Lately, I've been more and more sure that I need to be home with my children. I need to be a mom. I already am a full-time mom, of course, but I work full-time, too, out of necessity (trulytrulytruly out of necessity). With Lumpkin it was hard to go back - and we definitely had some "oh crap!" moments - but she was in good hands, and while it wasn't ideal, it all worked out just fine.
But now... three kids in and with life so much busier... there has just been sign after glaring sign. My kids need me. For a long time, I prayed to have the desire to be home, because I'd always had lofty career goals, and I thrived on that. Well, now that prayer has been answered and I don't know what the next step is. Even worse, my kids need me more than I can give, and I don't know what to do about it.
This is where the road untraveled begins.
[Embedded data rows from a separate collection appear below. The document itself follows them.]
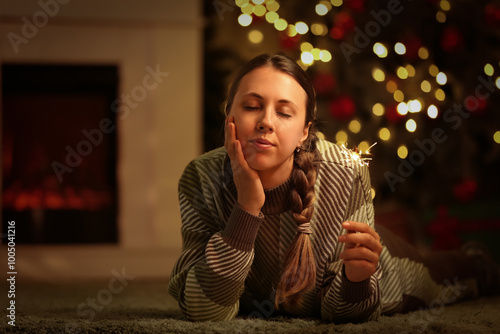 Young woman with Christmas ...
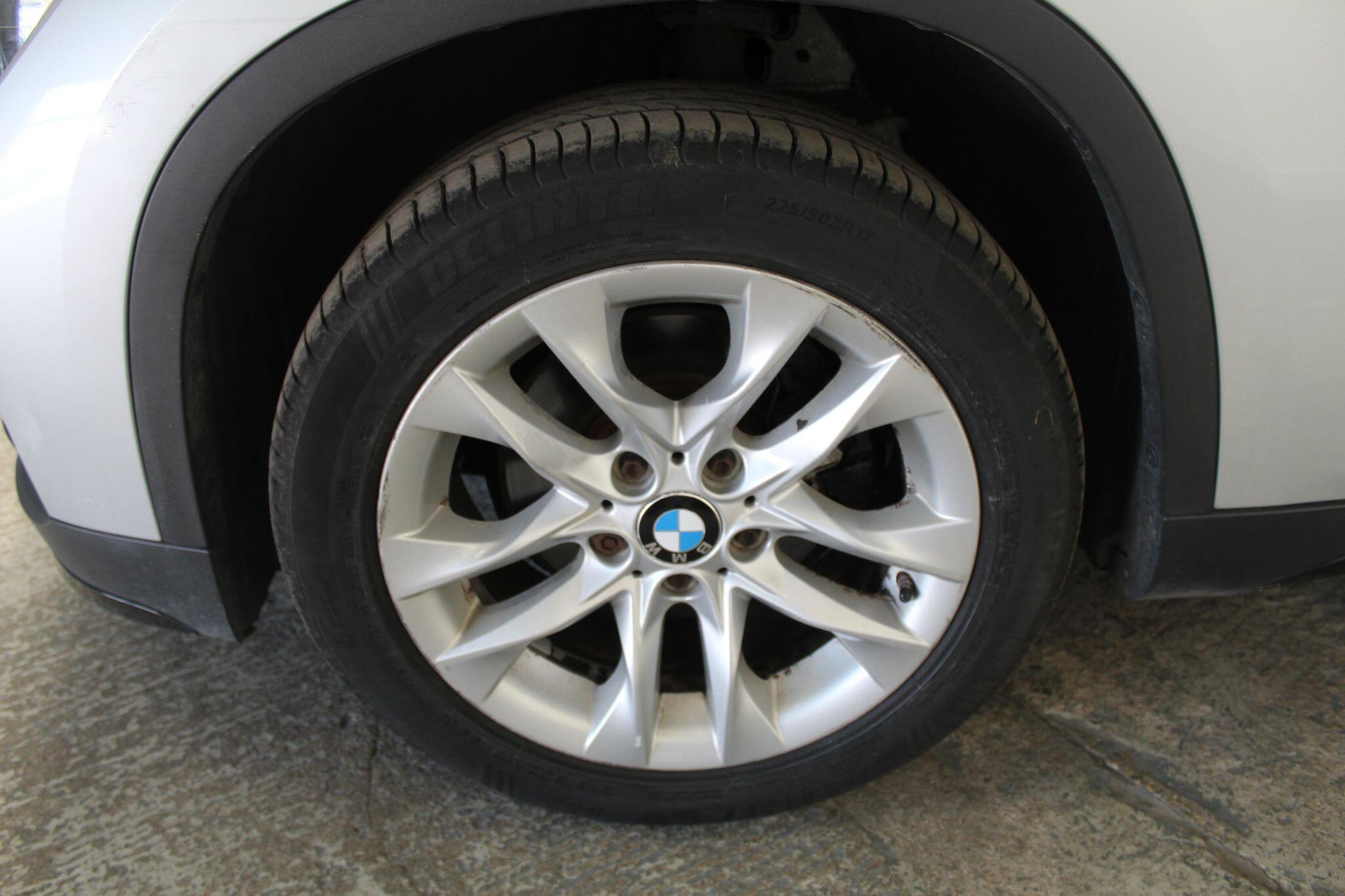 BMW X1 view 52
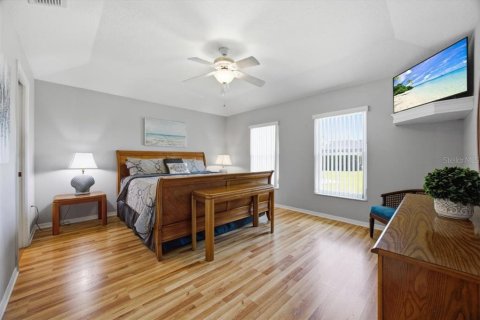 Villa ou maison à vendre à Haines City, Floride: 3 chambres, 162.67 m2 № 2358850 - photo 15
Although I guess I've been living it, ever since Dumplin was born. I keep trying and trying to compare our experience to those of others, to find someone who's made it work, and I just can't.
Nearly every single person I know who has more than two kids is a stay-at-home mom (not us). Every full-time working mom I know has a mother/mother-in-law either live with them or watch the kids full time (not us). And not one of those people has the additional scheduling challenge of one of their kids only living with them half time (as is our oldest - week on, week off).
While I can handle any one of those challenges quite comfortably, all together they just seem insurmountable from week to week. We've had so much help through friends from church (bless all of you), but you can only ask so much of people. I can only ask so much. It's a terrible feeling to have to call someone for the fourth or fifth time and say "Sooo... would you be able to...". I feel the favors I can ask of others have simply run out.
Often these days I find myself playing the "if only..." game, which I know is silly and unproductive. THIS is our life, as it is, and I need to find the joy in it from day to day. But when the day to day is praying I can juggle my work and home responsibilities, trying desperately not to forget something for the zillionth time, wishing I could be more involved at Pumpkin's school, that I had more than an hour of playtime with Dumplin' on the weekdays, that I could get the kids on a schedule, that my weekends were more than cleaning and shopping and catch-up time, that I could have a date night with husband more than twice a year, and all the while feeling like our lives are one big Jenga puzzle waiting to crash down if one block is out of place... well, it's exhausting and stressful and not so joyous.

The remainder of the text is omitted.